Sold For: $1,325.00
Make: Springfield Armory
Model: 1903 Mark I. The Mark I Rifle was made with an ejection port cutout on the receiver. The ejection port is needed for the Pedersen Device.
Serial Number: 1112240
Year of Manufacture: 1919 (page 373 of Joe Poyer’s book, The Model 1903 Springfield Rifle and its Variations, 3rd Edition).
Barrel Date: March, 1919
M1903 Mk I Rifles were produced from early 1918 to 1920 with a serial number range from 1,034,502 to 1,197,834 (page 31).
Caliber: .30-06 Springfield
Action Type: Bolt Action, Internal Magazine
Markings: The top of the receiver is marked “U.S. / SPRINGFIELD / ARMORY / MODEL 1903 / MARK I / 1112240”. The top of the Springfield barrel is marked “S A / flaming bomb / 3 – 19”. The safety is marked “SAFE READY” and the magazine cutoff is marked “ON OFF”. The bottom of the bolt handle is marked “R” for Remington and with a punch.
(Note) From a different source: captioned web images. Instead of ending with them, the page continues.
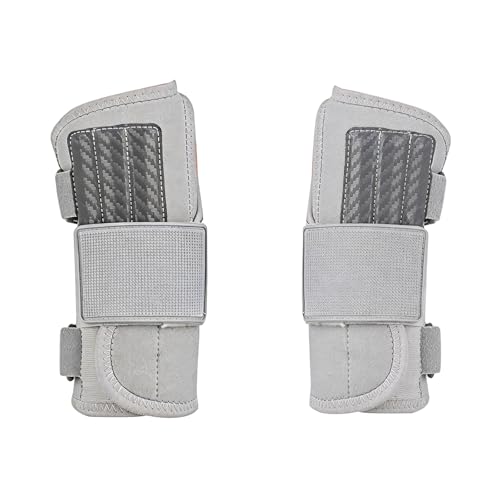 Muñequera con férula de aluminio ajustable y protector de pulgar delgado 6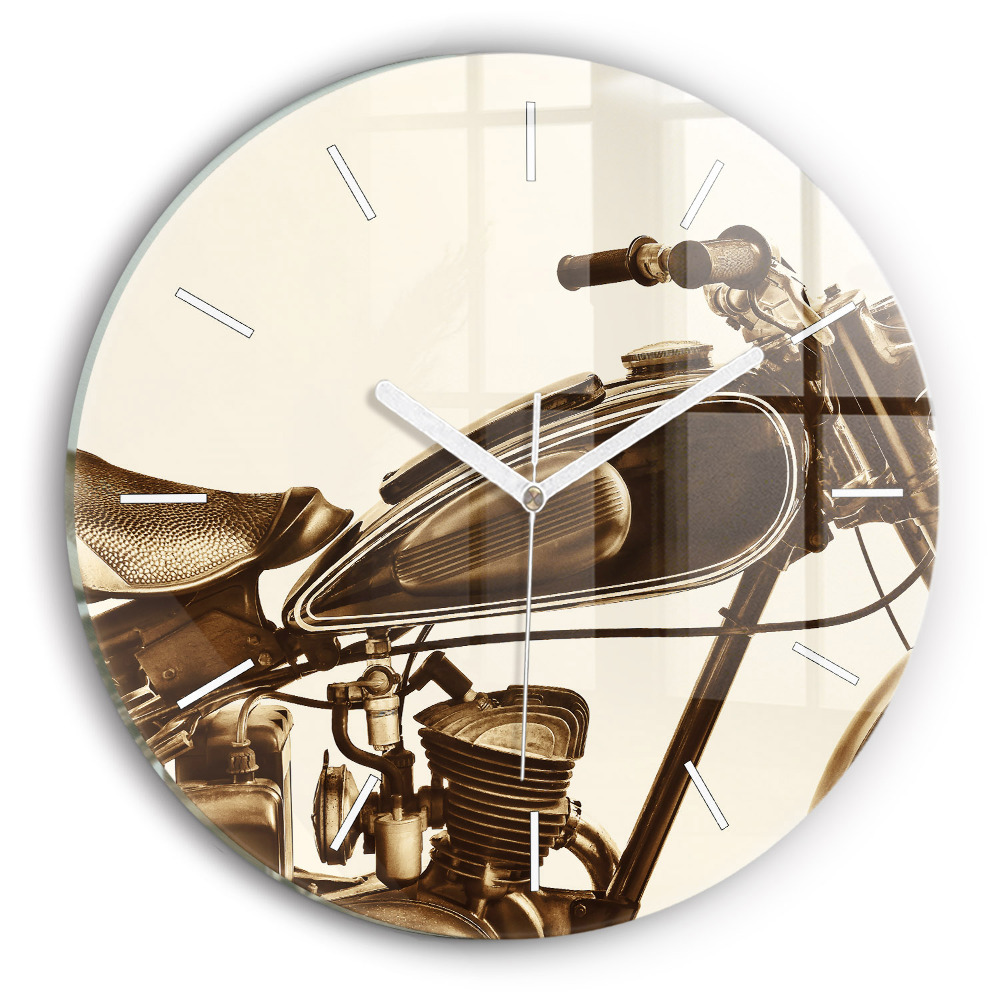 Zegar szklany fi30 Sepia motocykla Vintage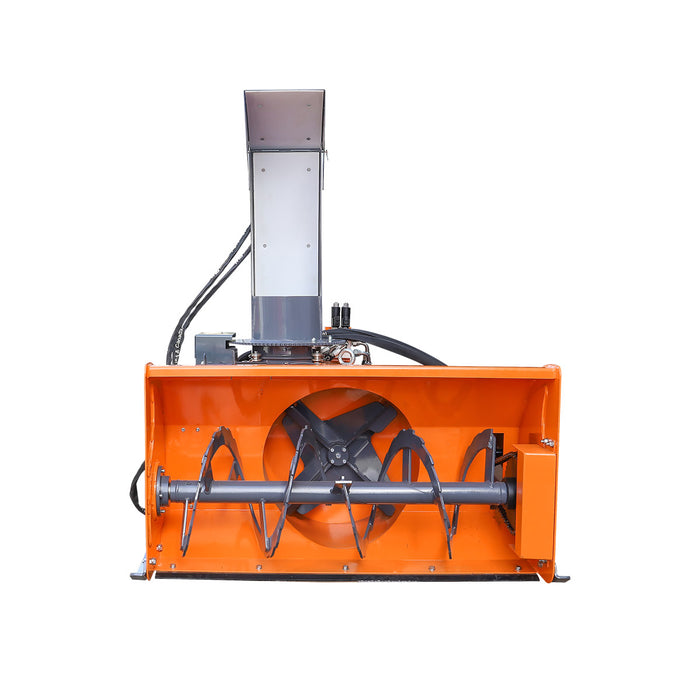 TMG-SSB48 48" mini skid steer snow blower with 20" impeller and 360° hydraulic motor-driven chute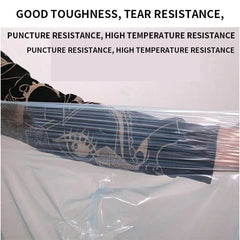 Verdicken Sie transparente wasserdichte Plane, regenfeste Gartenplane, klare Polyplane, Pflanzenabdeckung, Isolierung, Schuppentuch mit Ösen
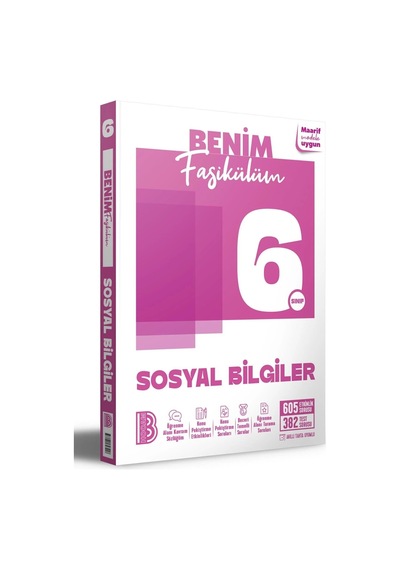 6. Sınıf Sosyal Bilgiler Benim Fasikülüm Benim Hocam Yayınları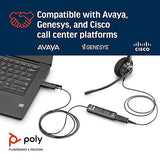 Poly - DA85M USB-A/USB-C Digital Adapter (Plantronics) - Works with Poly Call Center Quick Disconnect (QD) Headsets - Acoustic Hearing Protection - Hold & Call Answer Buttons - Optimized for Teams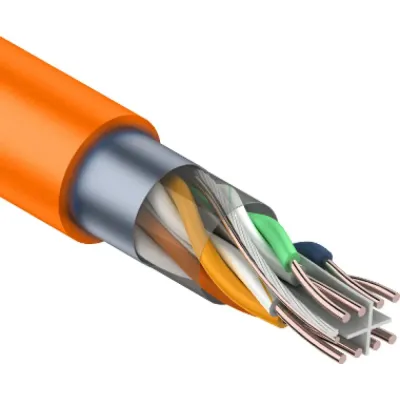 Витая пара F/UTP CAT 6 4x2x0.57мм LSZH нг(А)-HF 23AWG IN оранжевый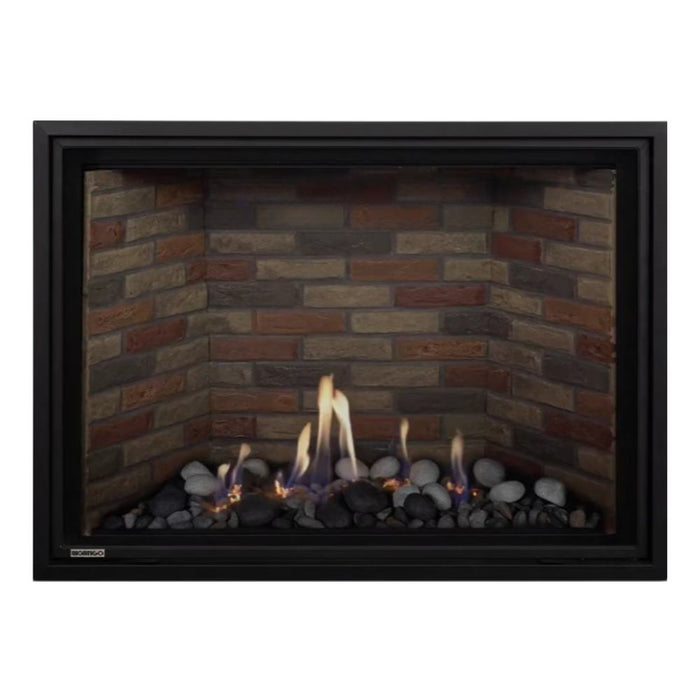 Montigo Delray Square DRSQ42 with Beach Scene Contemporary + Vintage Brown Brick Liner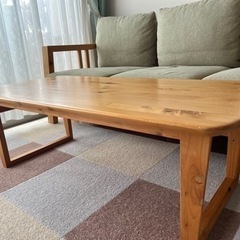 【シギヤマ家具】天然ヒノキ　ローテーブル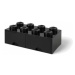 LEGO® úložný box 8 - so zásuvkami čierna 250 x 500 x 180 mm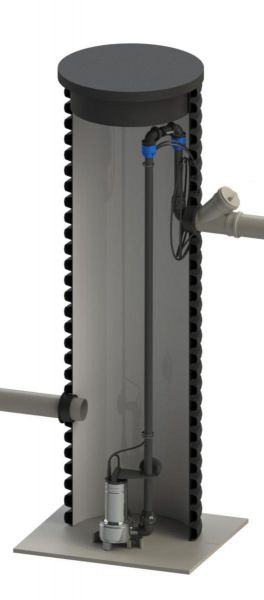 Pumppukaivo Uponor Clean 2.3M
The barrel band is marked “U”. The bottom of the grip is marked with a faded “circled P” proof. The left side of the stock, above the trigger, is marked with a faded stamping. The web sling is marked “NOBUCKL” and “PAT’D. 7.21.14” on the metal tabs. The rear sight protector is marked “P.J. O’HARE / SOUTH ORANGE N.J. / MADE IN U.S.A.”.
Barrel Length: Approximately 24 Inches
Sights / Optics: The front sight is a pinned blade set atop a raised base. The rear sight is a “U” notched blade attached to a fully adjustable sight ladder marked from “3-27”. When flipped up separate notches and an aperture on the ladder can be used for sighting. Metal sight protectors are installed.
Stock Configuration & Condition: The two piece hardwood stock has a straight grip, metal nosecap with bayonet lug, stacking loop, barrel band, 2 sling loops, 2 through bolts, and a metal buttplate with hinged door for storage. The buttplate and stock hardware show discoloration from oxidation and scratches. The buttpalte also shows light surface erosion. The wood shows several scrapes, scratches and compression marks. Many of these marks have been finished over. The most prominent marks are on the handguard. The LOP measures 12 3/4 inches from the front of the trigger to the back of the buttplate. The stock rates in about Very Good Plus overall condition as refinished.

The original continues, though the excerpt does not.